The opinion of the court was delivered by: James E. Boasberg United States District Judge


This case presents the question of how much of a dismissed False Claims Act suit should remain under seal. Relator Thomas Durham and the United States have different opinions. Under the applicable six-factor analysis the caselaw prescribes, the Court believes the Government has the better argument.


Relator Thomas Durham filed this action on November 15, 2010, under the False Claims Act, 31 U.S.C. § 3729, et seq., alleging that his employer, Prospect Waterproofing Company, had falsely certified its payrolls, which resulted in the submission of fraudulent claims for payment. Compl., ¶¶ 18, 20. Pursuant to the qui tam provisions of the FCA, Relator filed this matter under seal so the United States could investigate these allegations. After the Government completed its investigation, it declined to intervene, and on August 17, 2011, Relator filed a Notice of Entry of Voluntary Dismissal Without Prejudice. ECF No. 9. He also requested that the Court allow the case to remain under seal permanently. See id. The United States consented to the voluntary dismissal but objected to Relator's request to keep the case under seal. ECF No. 10. The Government instead asked that the pleadings that do not reflect its investigative efforts -- i.e., the Complaint, Relator's Voluntary Dismissal, and the United States' Consent to Entry of Voluntary Dismissal -- be unsealed. See id. This Court ordered on August 23, 2011, that the parties submit supplemental briefings on the sealing issue, which has now been completed.


In this Circuit, when evaluating whether to seal case pleadings, "the starting point . . . is a 'strong presumption in favor of public access to judicial proceedings.'" EEOC v. Nat'l Children's Ctr., 98 F.3d 1406, 1409 (D.C. Cir. 1996) (quoting Johnson v. Greater Southeast Cmty. Hosp. Corp., 951 F.2d 1268, 1277 (D.C. Cir. 1991)). The D.C. Circuit has articulated "'six factors that might act to overcome this presumption of public access.'" United States ex rel. Schweizer v. Oce, N.V., 577 F. Supp. 2d 169, 171 (D.D.C. 2008) (quoting EEOC, 98 F.3d at 1409). These six factors are:

(1) the need for public access to the documents at issue; (2) the extent of previous public access to the documents; (3) the fact that someone has objected to disclosure, and the identity of that person; (4) the strength of any property or privacy interests asserted; (5) the possibility of prejudice to those opposing disclosure; and (6) the purposes for which the documents were introduced during the judicial proceedings.

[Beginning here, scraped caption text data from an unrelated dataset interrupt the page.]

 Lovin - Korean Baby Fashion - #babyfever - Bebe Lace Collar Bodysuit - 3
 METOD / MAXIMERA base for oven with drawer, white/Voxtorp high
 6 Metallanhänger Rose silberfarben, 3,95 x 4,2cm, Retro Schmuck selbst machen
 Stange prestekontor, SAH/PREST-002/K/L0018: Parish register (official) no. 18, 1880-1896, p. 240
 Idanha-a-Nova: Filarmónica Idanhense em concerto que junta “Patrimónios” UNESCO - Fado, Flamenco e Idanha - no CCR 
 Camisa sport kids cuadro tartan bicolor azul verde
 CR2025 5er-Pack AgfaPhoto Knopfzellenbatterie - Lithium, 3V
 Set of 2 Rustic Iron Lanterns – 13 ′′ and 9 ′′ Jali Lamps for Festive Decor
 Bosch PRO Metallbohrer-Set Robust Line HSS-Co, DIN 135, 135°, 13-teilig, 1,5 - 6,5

EEOC, 98 F.3d at 1409 (citing United States v. Hubbard, 650 F.2d 293, 317-22 (D.C. Cir. 1980)). The Court will examine them in turn.

A. Need For Public Access

As mentioned, there is a strong presumption that the public should have access to court proceedings to "ensur[e] the integrity of judicial proceedings in particular and of the law enforcement process more generally." Hubbard, 650 F.2d at 315. Public access may be denied, however, "to protect trade secrets, or the privacy and reputation of victims of crimes, as well as to guard against risks to national security interests, and to minimize the danger of an unfair trial by adverse publicity." Id. at 315-16 (internal citations omitted).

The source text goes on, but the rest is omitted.